Me mantuve firme en el precio y jugué con las cantidades. Ya le había dicho que no quería vendérselo todo; que parte de la mercancía estaba comprometida y que si de verdad la quería toda, debía superar el precio de mi ficticio segundo cliente (o no tan ficticio, porque eran los precios de venta que mis compañeros en la oficina estaban consiguiendo)

Lo vi sonreír varias veces con mis torpes acometidas. Pensé (ensoñación más bien) que como buen árabe estaba complacido por tener una negociación dura y animada.  Animada, porque hubo tiempo para que me contara la historia de su familia y como acabó en Nueva York; y no descuidó interesarse por mí y mi historia personal, mientras halagaba alguno de mis pasajes.

Básicamente, conseguí el precio que llevaba en mente. Pensaba que había “ganado”.  Y tenía una sensación cálida. Había sido una negociación competitiva que había acabado de manera dulce y amable. Pero claro, faltaba un último detalle… Como me advirtió mi jefe, la negociación con él no terminaba nunca.

Nos dimos la mano y dijo:dollar bills

  • Acércate a la furgoneta que te voy a pagar.
  • ¿Me va a pagar en plena calle? – dije yo.
  • Sí. Claro. Tu jefe quiere Cash. ¿No? – respondió.

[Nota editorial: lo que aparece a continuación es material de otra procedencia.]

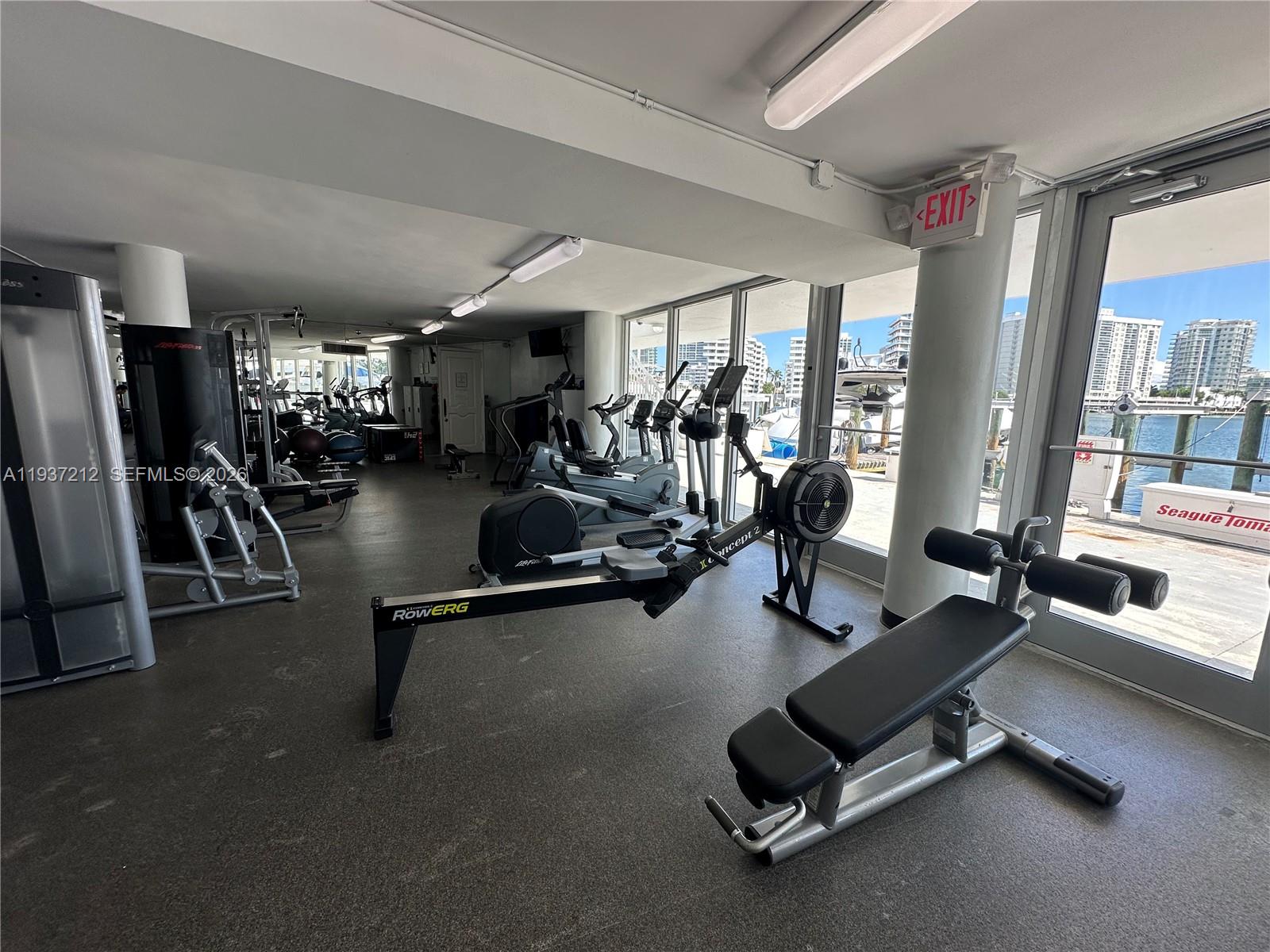 900 Bay Dr #413 Miami Beach, FL 33141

El señor Ahmad se puso a contar billetes pequeños de manera parsimoniosa en lo que me pareció una eternidad, mientras yo miraba a los trajeados ejecutivos pasar a nuestro lado. Nunca he vuelto a tener una sensación tan extraña. Seguramente, parecíamos dos camellos de medio pelo haciendo trato. Y justo antes de darme el enorme fajo de billetes, me dijo:

  • Bueno, no me has dado ninguna opción en la negociación. Espero que me trates mejor la próxima vez. – me dijo mientras bamboleaba el fajo de billetes.
  • ¿Qué tal si te pago un 15% más en el envío de la semana que viene? – Inquirió amablemente.
  • Es un buen trato. Vamos, dame algo de cancha. –Insistió.

Balbuceé un OK que me permitió coger el fajo y esconderlo en mi abrigo.

El señor Ahmad había interpretado las señales. Yo venía “escaldado” de la anterior negociación. Estaba siendo rocoso y cambió el tono de la negociación volviéndola amable y familiar. Me halagó y consiguió hacerme sentir cómodo.

Me dio lo que quería y jugó al “mercado de futuros”.  El precio había empezado a repuntar. ¿Sería más o menos del 15% la semana que viene? Nadie lo sabía. Pero si era menos, a él, le bastaba con no llamarme. Y si era más, me llamaría para exigirme cumplir el trato. Y sí, fue más… y salió ganando él.

Yo me apunté otra lección en mi libreta: “Termina la negociación. No la cierres en falso y procura conocer el impacto económico de cada detalle. Y por Dios, no juegues al mercado de futuros”.